● Pictures with short captions:
Segment Open
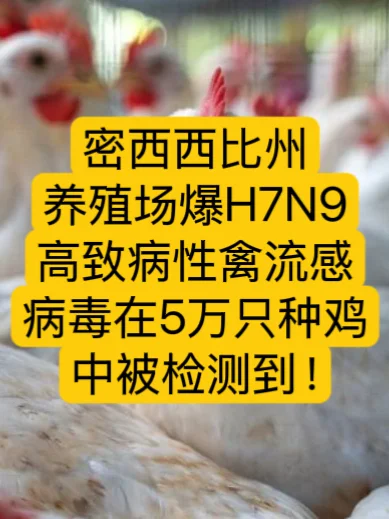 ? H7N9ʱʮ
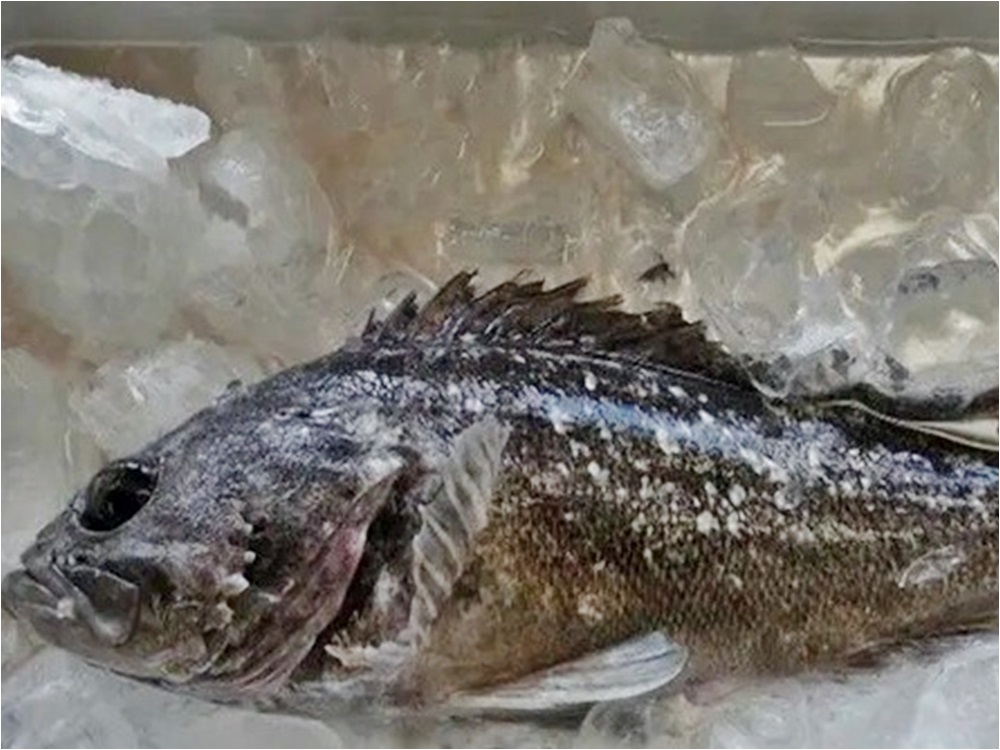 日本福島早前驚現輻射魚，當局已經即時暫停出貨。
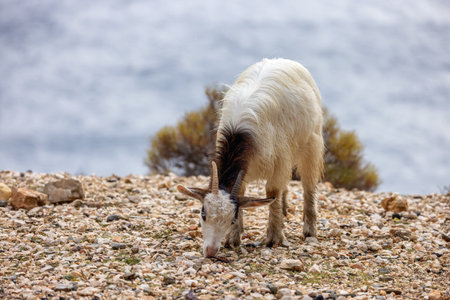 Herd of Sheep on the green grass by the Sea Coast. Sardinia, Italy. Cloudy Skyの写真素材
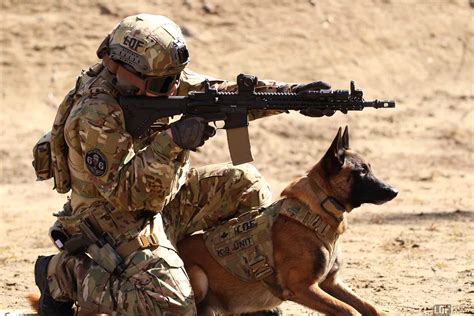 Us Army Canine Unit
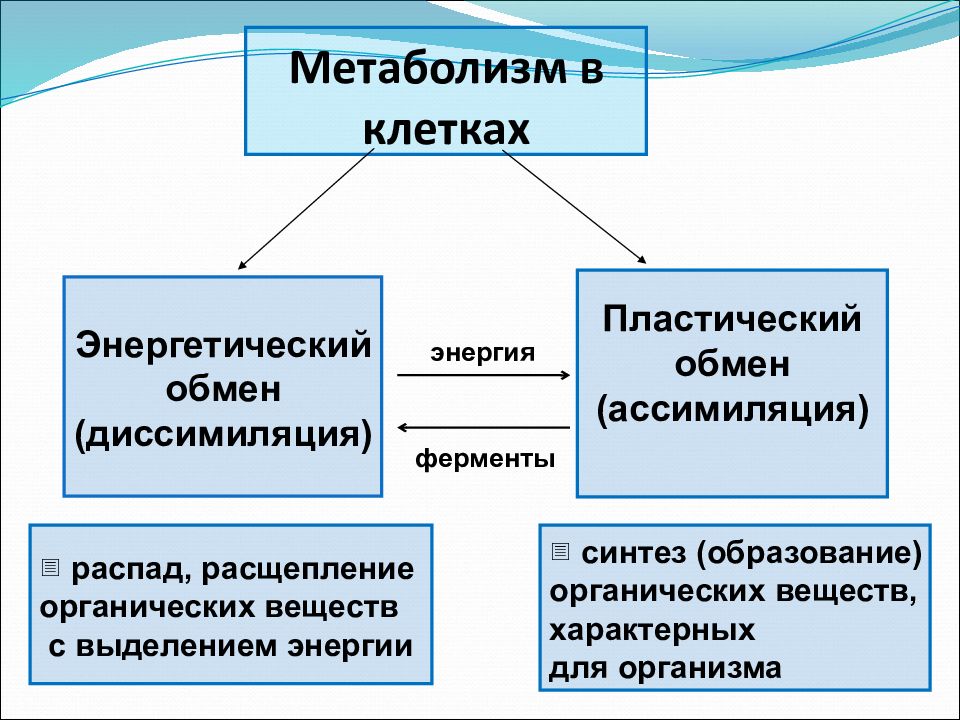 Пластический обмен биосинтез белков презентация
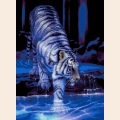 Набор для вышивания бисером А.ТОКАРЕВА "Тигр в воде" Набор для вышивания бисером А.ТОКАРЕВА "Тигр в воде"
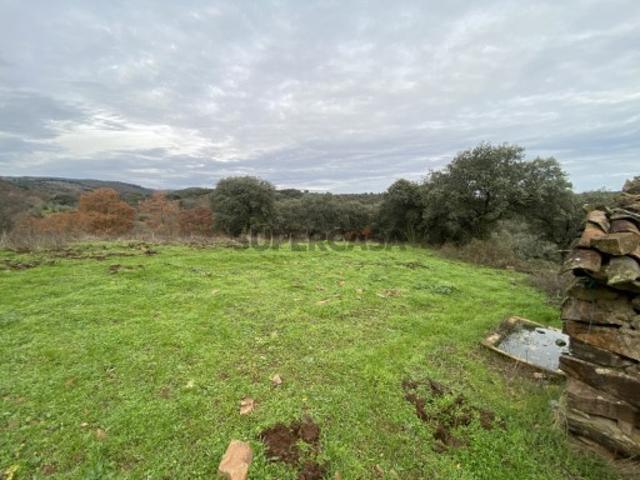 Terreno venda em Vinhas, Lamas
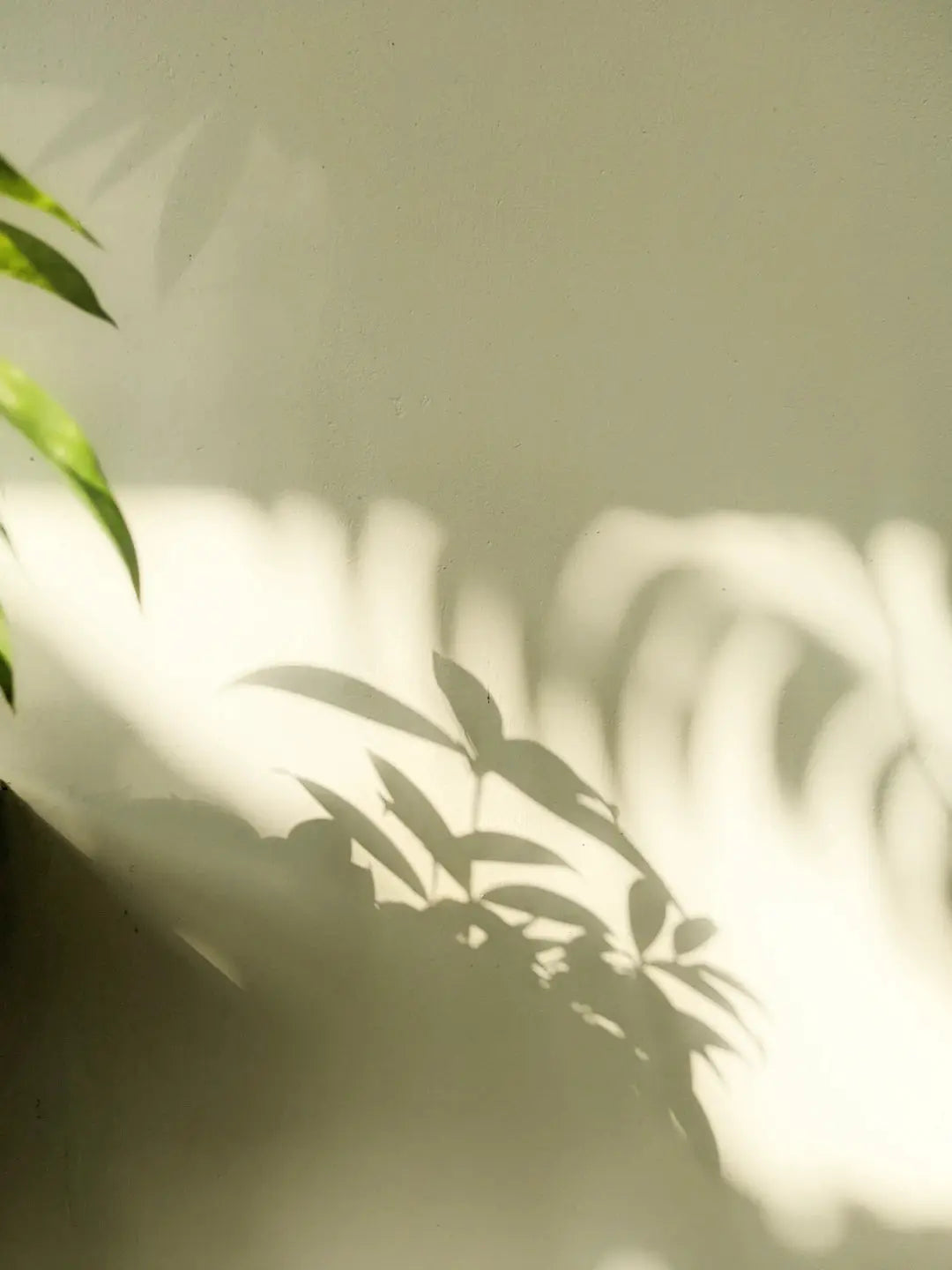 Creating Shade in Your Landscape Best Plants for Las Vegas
Segment Closed
● Problem to work on: Provide an exact copy of the records, excluding every picture.

● Result of the task:
 ? H7N9ʱʮ
 日本福島早前驚現輻射魚，當局已經即時暫停出貨。
 Herd of Sheep on the green grass by the Sea Coast. Sardinia, Italy. Cloudy Skyの写真素材
 Us Army Canine Unit
 Пластический обмен биосинтез белков презентация
 Набор для вышивания бисером А.ТОКАРЕВА "Тигр в воде" Набор для вышивания бисером А.ТОКАРЕВА "Тигр в воде"
 Terreno venda em Vinhas, Lamas
 Creating Shade in Your Landscape Best Plants for Las Vegas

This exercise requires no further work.